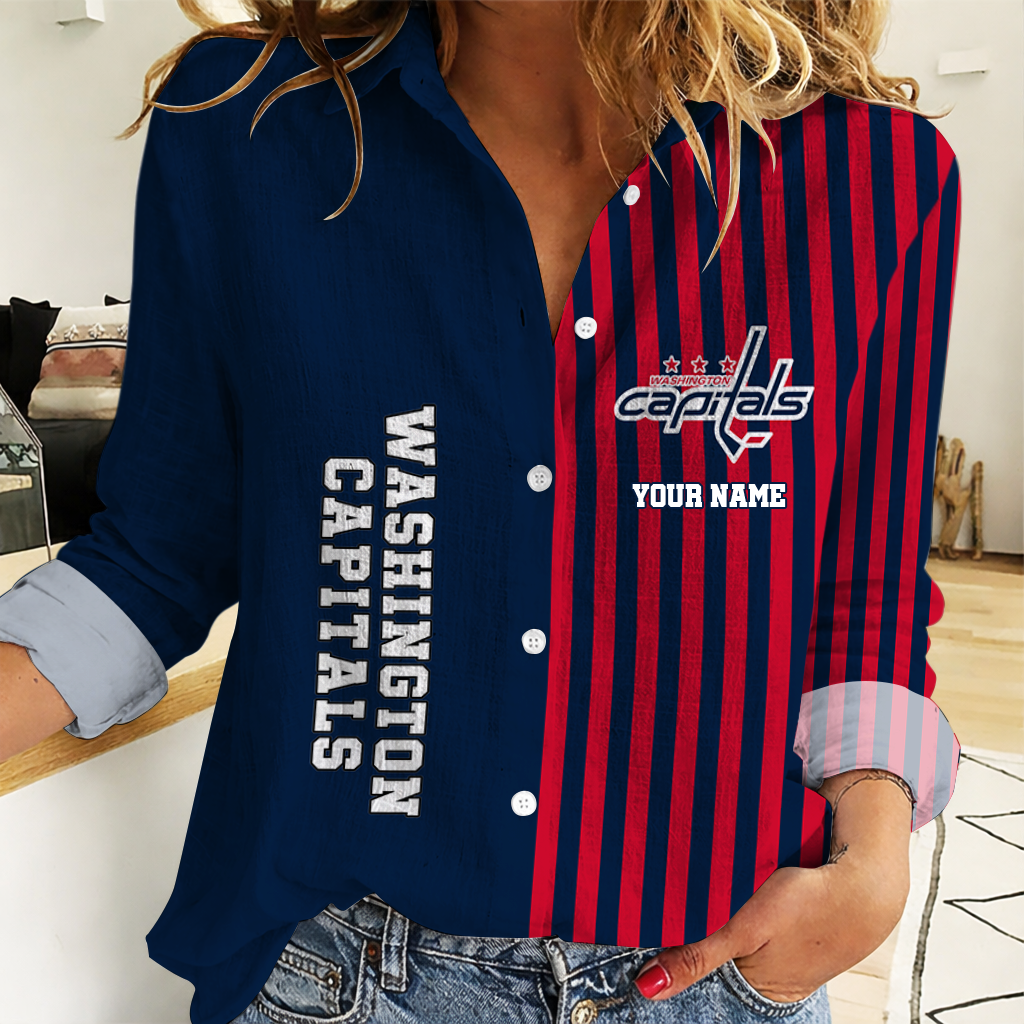 FINAL SALE - NEW CUSTOMIZED NHL10 WCP WASHINGTON CAPITALS WOMEN CASUAL SHIRT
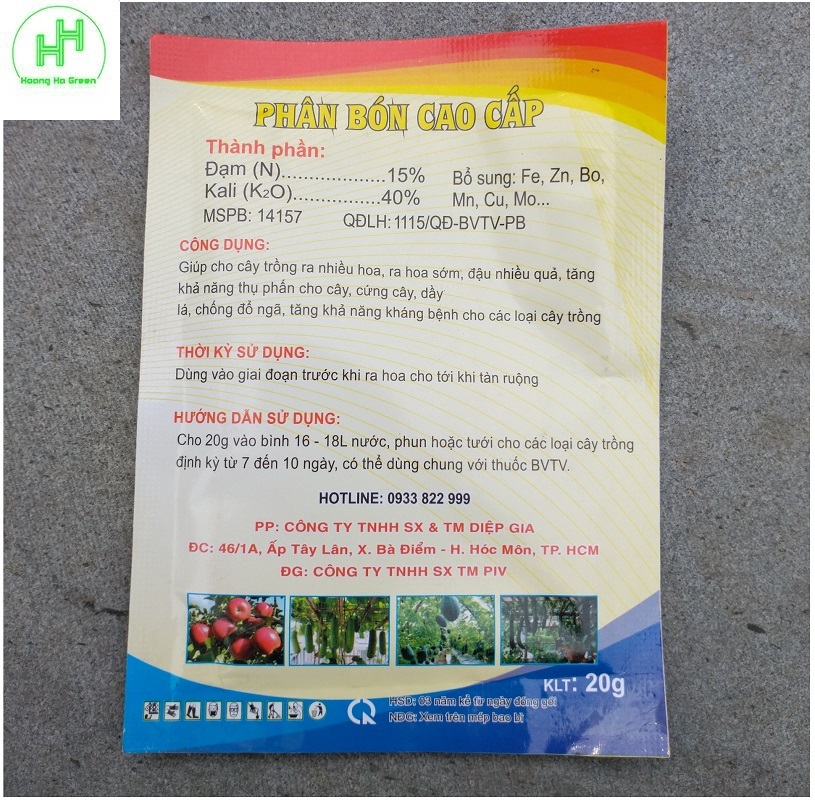 5 Gói Phân bón DG 38 15-0-40 vua ra hoa - đậu quả, phân hóa mầm hoa, kích ra hoa đồng loạt, chống rụng hoa v à trái non.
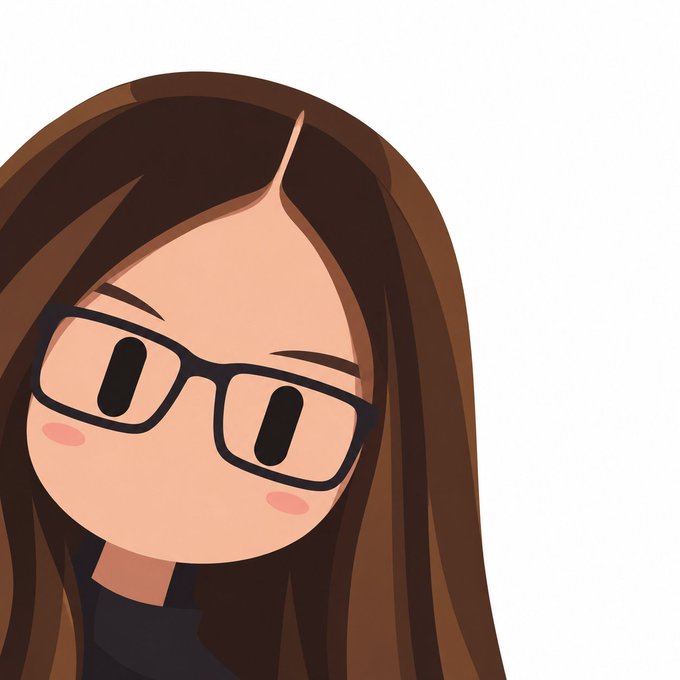 A cartoon illustration of a girl with brown hair and black glasses with a neutral expression.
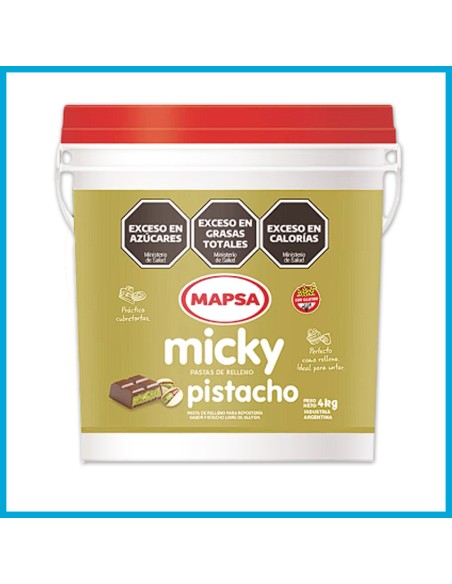 Relleno Micky Pistacho 4 Kg. - Sin Tacc Pasta Para Relleno Recubrimiento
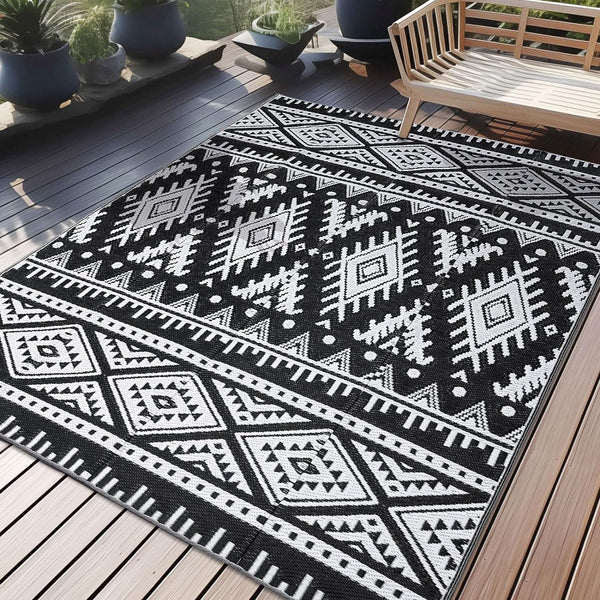 5×8 ft Outdoor Waterproof Reversible Plastic Straw Rug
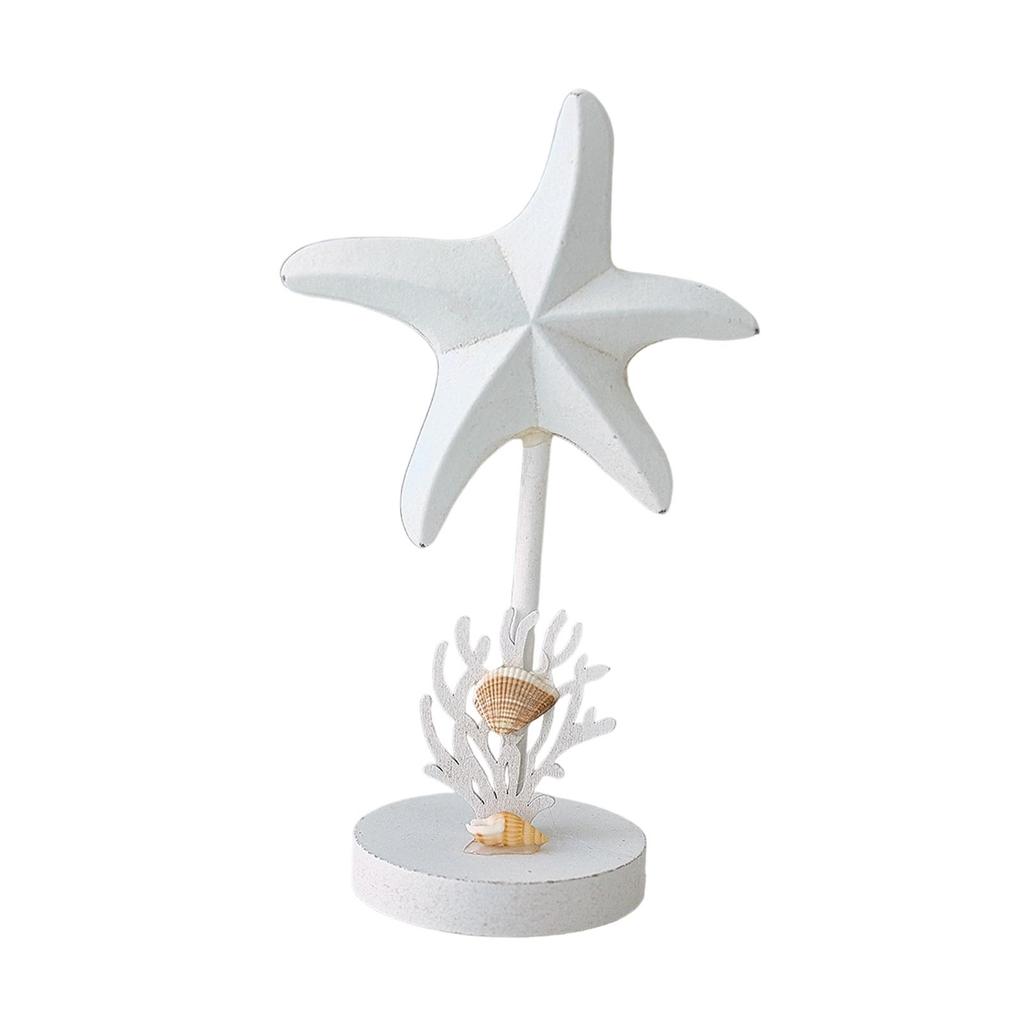 Starfish Figurine Collection Nautical Rustic, Desktop Ornament, Decorative Statue, Wood Sculpture for Bookshelf Entrance Decor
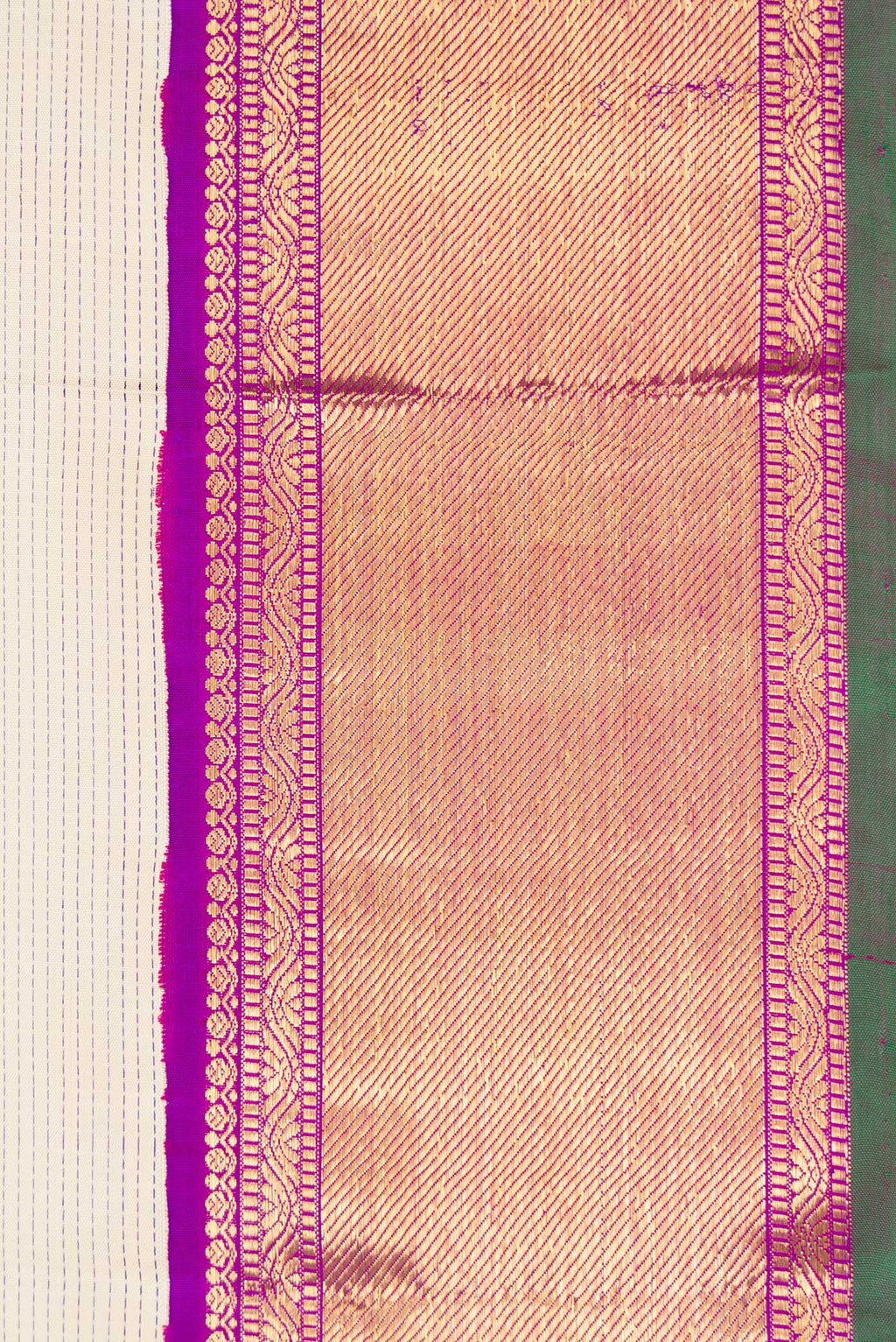 Border image of Pure Silk Pure Zari Off White Dual Tone Kanjivaram Saree with Stripes on the body and Zari Border.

_ABOUT THIS EXERCISE_: Every line of the data above is to be set down exactly; the pictures are not.

_RESULT_:
 FINAL SALE - NEW CUSTOMIZED NHL10 WCP WASHINGTON CAPITALS WOMEN CASUAL SHIRT
 5 Gói Phân bón DG 38 15-0-40 vua ra hoa - đậu quả, phân hóa mầm hoa, kích ra hoa đồng loạt, chống rụng hoa v à trái non.
 A cartoon illustration of a girl with brown hair and black glasses with a neutral expression.
 Relleno Micky Pistacho 4 Kg. - Sin Tacc Pasta Para Relleno Recubrimiento
 5×8 ft Outdoor Waterproof Reversible Plastic Straw Rug
 Starfish Figurine Collection Nautical Rustic, Desktop Ornament, Decorative Statue, Wood Sculpture for Bookshelf Entrance Decor
 Border image of Pure Silk Pure Zari Off White Dual Tone Kanjivaram Saree with Stripes on the body and Zari Border.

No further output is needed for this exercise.